The invention therefore provides that the suction device for smoke gases extends from at least one kiln duct into a chamber that is separate from the kiln duct, and that the chamber is formed as a combustion chamber for smoke gases that is not assisted by a burner, and that the combustion a supply device for smoke gases extending from the combustion chamber, the supply device opening into one and/or the other kiln passage away from the suction device, and a fresh air supply pipe opening into the combustion chamber. We propose a tunnel kiln.

According to West German Patent Application Publication No. 2001148,
It is known to draw in the kiln gases and burn them together in a combustion chamber outside the kiln passage. “Outside”
Of course, this combustion is forcibly performed with a burner by supplying fuel, and it is necessary to
It only serves to avoid direct contact with the burner flame.

By means of the invention, on the one hand, the combustion of the pyrolyzable material is achieved in a simple manner outside the kiln duct, and on the other hand, the heat obtained in this case is transferred as useful heat over the shortest distance to the kiln duct from which the gas was previously extracted. and/or the kiln passages beside it. This results in
Not only is energy saved considerably, but the implementation of the pyroprocess in individual kiln passages is greatly facilitated by eliminating the risk of explosion. Only an auxiliary burner is needed to ignite when starting the kiln. The smoke gas mixed with the metered amount of oxygen then combusts spontaneously. Thereby, the required external energy is essentially equal to zero. By suitably adjusting/controlling the supply devices (oxygen, smoke gas), optimum combustion and effective heat supply can be achieved in the individual kiln sections.

The guidance of the smoke gases is facilitated in that at least one blower and/or at least one suction device is provided in the area of the evacuation device and/or the supply device. However, in some circumstances it may be sufficient, for example, to obtain an injection effect of the combustion chamber around the gas stream.

In a preferred embodiment of the invention, the chamber for burning the smoke gases is formed as an enlarged channel.
In this case, the ejection device and/or the feeding device can open into the passageway from the ceiling area of the oven passageway, as proposed in other variants of the invention.

As already mentioned, all parts of the object underlying the invention are very advantageous if the feeding device opens into the kiln channel at a distance from the discharge device, so that the section is as short as possible. resolved to.

It is advantageous if fresh air is supplied to the combustion chamber immediately adjacent to the point where the smoke gases enter.

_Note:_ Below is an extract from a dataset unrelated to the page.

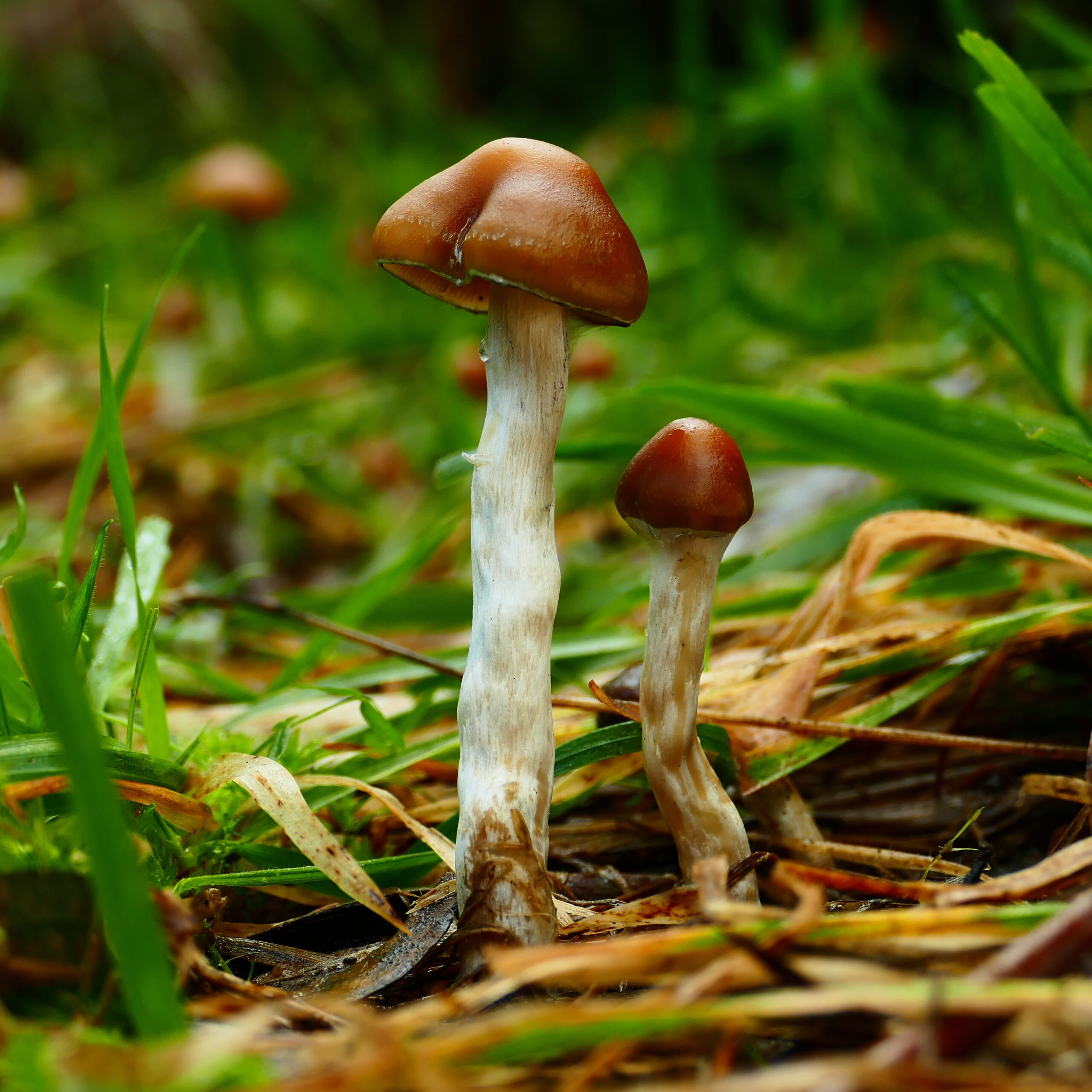 mushrooms kits australia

In this case, spontaneous combustion is most conveniently carried out.

In order to further optimize the combustion, in a preferred embodiment of the invention the fresh air supply pipe is guided at least partially into the wall or ceiling of the kiln according to the invention, which wall or ceiling is in particular in the area of the combustion zone. Very high temperature, allowing preheating of externally supplied fresh air. Again, a ventilator may be provided to assist with airflow.

Advantageously, a discharge device and a feed device are provided in the respective combustion zones of both kiln passages. In this case, preferably each is provided at the starting end. This is because in this range a very large amount of the combustible substance becomes liberated and available.

Further optimization is achieved if the combustion chamber is arranged parallel to and between the two kiln channels. This makes the conveying distance even shorter.

In the case of a tunnel kiln according to the invention with two kiln passages parallel to each other and driven in opposite directions, a preferred embodiment of the invention provides, in particular, for a tunnel kiln of the above-mentioned type, which is provided mirror-symmetrically and approximately oppositely to each other. Two devices are provided one behind the other in the longitudinal direction of the tunnel kiln. Here, in the first case the discharge device is provided in one kiln passage, and in the second case it is provided in the other kiln passage.

Over the entire length of the combustion zone of both kiln passages, it is possible to draw in combustible gases and return the useful heat obtained during combustion. This will be described in detail later based on embodiments.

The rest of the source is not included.